Task brief: Below are entries. Reproduce exactly the lines between the line holding "1227 Chemin de" and the line holding "Wooden Christmas Ornaments", inclusive, and only those.
#####
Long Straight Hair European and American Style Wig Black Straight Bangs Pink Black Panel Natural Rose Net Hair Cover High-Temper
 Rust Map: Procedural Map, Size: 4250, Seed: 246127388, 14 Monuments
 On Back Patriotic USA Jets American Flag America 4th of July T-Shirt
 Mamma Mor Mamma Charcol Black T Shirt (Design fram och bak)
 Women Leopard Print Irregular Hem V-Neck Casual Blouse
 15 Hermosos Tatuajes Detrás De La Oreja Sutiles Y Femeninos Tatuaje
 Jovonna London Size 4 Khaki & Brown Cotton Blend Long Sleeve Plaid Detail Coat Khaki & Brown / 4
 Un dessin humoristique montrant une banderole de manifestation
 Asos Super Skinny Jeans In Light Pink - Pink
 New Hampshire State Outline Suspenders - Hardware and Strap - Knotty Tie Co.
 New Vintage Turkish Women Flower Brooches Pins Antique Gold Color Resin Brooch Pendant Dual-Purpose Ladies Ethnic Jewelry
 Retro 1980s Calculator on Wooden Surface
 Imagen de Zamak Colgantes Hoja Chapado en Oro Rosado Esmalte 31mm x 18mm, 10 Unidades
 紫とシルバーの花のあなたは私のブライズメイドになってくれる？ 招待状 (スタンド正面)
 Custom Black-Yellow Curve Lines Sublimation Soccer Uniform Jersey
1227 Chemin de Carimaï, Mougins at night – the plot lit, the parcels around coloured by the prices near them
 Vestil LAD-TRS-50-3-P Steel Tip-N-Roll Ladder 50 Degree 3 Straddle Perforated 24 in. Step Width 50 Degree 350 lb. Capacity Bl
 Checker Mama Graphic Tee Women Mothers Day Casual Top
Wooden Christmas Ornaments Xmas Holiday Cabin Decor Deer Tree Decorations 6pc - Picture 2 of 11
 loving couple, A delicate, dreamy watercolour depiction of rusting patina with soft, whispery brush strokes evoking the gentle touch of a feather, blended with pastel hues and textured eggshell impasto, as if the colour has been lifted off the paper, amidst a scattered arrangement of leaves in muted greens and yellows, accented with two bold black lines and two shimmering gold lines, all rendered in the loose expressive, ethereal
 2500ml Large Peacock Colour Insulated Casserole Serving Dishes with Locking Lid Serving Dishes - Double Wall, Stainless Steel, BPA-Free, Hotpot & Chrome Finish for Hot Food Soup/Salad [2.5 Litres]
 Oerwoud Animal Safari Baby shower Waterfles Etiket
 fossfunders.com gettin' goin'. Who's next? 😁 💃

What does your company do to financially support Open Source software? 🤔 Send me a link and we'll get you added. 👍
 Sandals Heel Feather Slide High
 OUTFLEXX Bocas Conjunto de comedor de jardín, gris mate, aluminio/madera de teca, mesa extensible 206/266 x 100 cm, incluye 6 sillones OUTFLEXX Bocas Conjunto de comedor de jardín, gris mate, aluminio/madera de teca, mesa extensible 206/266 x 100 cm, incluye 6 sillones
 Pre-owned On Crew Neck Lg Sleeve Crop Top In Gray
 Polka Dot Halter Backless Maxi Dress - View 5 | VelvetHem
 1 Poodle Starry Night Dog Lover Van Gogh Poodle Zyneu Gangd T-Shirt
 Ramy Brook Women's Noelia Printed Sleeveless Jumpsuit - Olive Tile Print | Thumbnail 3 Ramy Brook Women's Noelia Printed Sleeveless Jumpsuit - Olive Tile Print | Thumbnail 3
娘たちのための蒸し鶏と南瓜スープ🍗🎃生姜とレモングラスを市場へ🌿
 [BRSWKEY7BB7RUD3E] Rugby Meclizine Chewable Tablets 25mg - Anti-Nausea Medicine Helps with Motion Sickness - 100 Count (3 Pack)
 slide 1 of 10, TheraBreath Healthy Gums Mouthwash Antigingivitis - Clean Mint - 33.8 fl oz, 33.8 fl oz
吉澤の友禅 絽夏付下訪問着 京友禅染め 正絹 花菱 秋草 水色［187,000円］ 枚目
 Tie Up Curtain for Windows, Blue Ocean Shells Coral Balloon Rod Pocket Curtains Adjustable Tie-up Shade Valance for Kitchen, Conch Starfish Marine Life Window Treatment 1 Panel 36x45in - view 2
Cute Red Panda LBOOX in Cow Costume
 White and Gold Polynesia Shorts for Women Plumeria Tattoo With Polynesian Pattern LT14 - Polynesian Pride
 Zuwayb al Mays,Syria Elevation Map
#####
Your solution:
1227 Chemin de Carimaï, Mougins at night – the plot lit, the parcels around coloured by the prices near them
 Vestil LAD-TRS-50-3-P Steel Tip-N-Roll Ladder 50 Degree 3 Straddle Perforated 24 in. Step Width 50 Degree 350 lb. Capacity Bl
 Checker Mama Graphic Tee Women Mothers Day Casual Top
Wooden Christmas Ornaments Xmas Holiday Cabin Decor Deer Tree Decorations 6pc - Picture 2 of 11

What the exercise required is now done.